Z Motor: When I reset to the defaults, I notice the tick boxes for home, min limit and max limit are all checked even though the setup instructions say they they should be unticked. I'm not certain that is critical but when I check the limit switches per the instructions, I need to untick the boxes then re-tick them to perform the check. The real problem is that I have been unable to home the Z motor. It reaches the limit switch and fails to back off and correctly set the Z home value. It doesn't fault when the limit switch is triggered but when I let it run (only a couple times), it times out. I have tested the cabling for the switch as well as swapping wiring with the Z max switch. Nothing worked.

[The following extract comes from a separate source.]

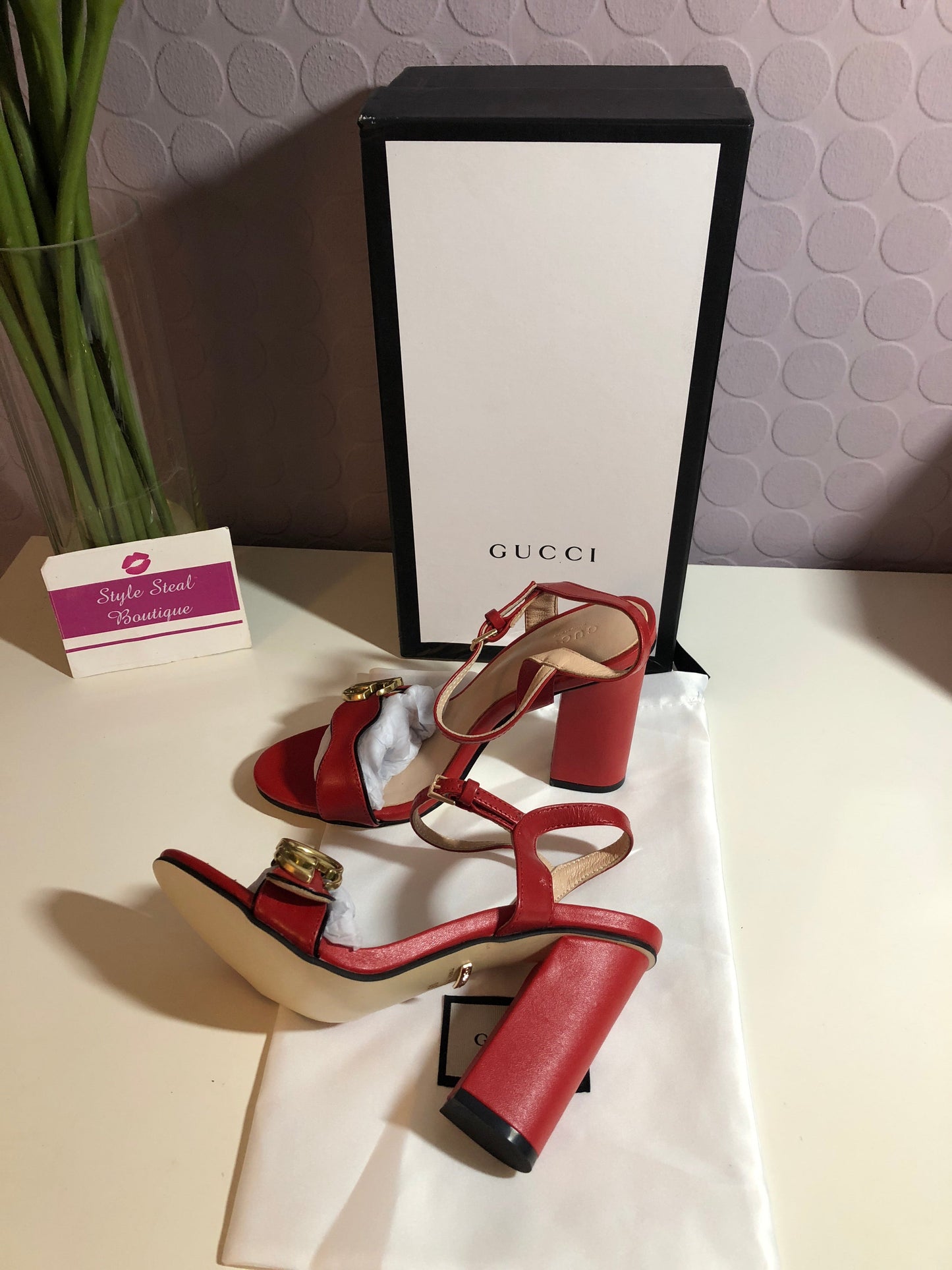 Leather Sandals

I have ordered a replacement A motor since I believe Juha is on his way to the U.S. for Maker Faire Bay Area. However, the motor is coming from China so it will take at least 2-5 days with DHL. That still leaves me with the Z motor homing problem. Any suggestions would be appreciated since the project is now at a dead stop until these two problems are resolved. Btw, I am happy to be told these are "pilot errors" if it is something I am doing incorrectly.
With regard to the A motor, it most likely won't turn with the current pot at the very lowest setting.

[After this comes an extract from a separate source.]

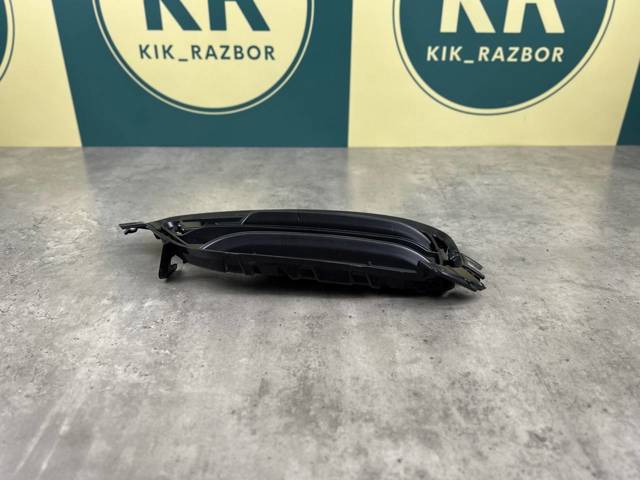 51117347945 Решетка бампера переднего левая купить Николаев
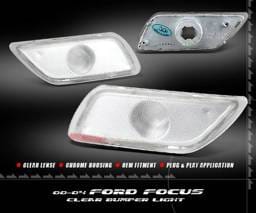 Clear Corner Lights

I found that I needed to up it to about 15% / 20%. The idea is to start at the lowest setting and then turn it up to the lowest level that will reliably turn the motor.
On the Z-Limit switch, do you hear the switch clicking when it should be triggering? If you want to test your wiring and if you have a multi-meter then set it to DC volts and measure the voltage between the relevant terminal on the TinyG and ground.
It should be 3.3v or thereabouts when the switch is open / not triggered and 0v when triggered.
Yes, sounds like a bad motor. And unfortunately, I am indeed on the road until 25th.
For z homing, you should enable the tick boxes. The advice not to is valid only for initial connection, as you don't get anywhere if the wiring is faulty and switches enabled. So, enable the switch boxes. Test the switch operation manually; you should get "panic" situation on TinyG when you manually trigger a switch. Reset TinyG and re-establish connection. The topmost switch is the z min, the one touching the pulley is z max.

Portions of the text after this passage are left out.